• [Exercise material]:
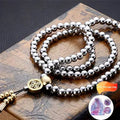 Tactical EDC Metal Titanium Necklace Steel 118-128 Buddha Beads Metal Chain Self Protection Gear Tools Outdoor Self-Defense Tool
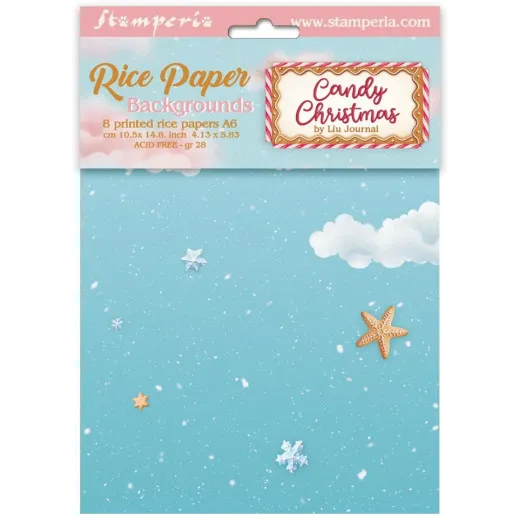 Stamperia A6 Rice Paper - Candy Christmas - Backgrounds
--
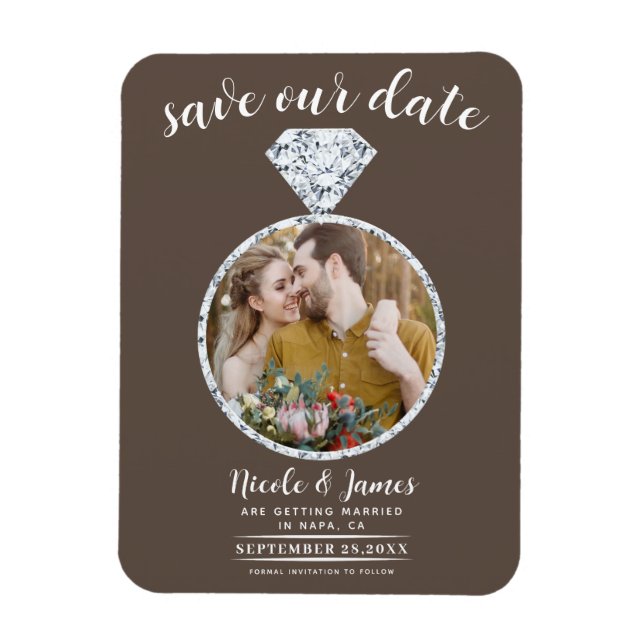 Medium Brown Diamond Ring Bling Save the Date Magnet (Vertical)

• [Task to complete]: In the records above, find the line with "Tactical EDC Metal" and the line with "Stamperia A6 Rice". Write out exactly those lines and every one between, with no pictures and no other lines.

• [Task answer]:
 Tactical EDC Metal Titanium Necklace Steel 118-128 Buddha Beads Metal Chain Self Protection Gear Tools Outdoor Self-Defense Tool
 Stamperia A6 Rice Paper - Candy Christmas - Backgrounds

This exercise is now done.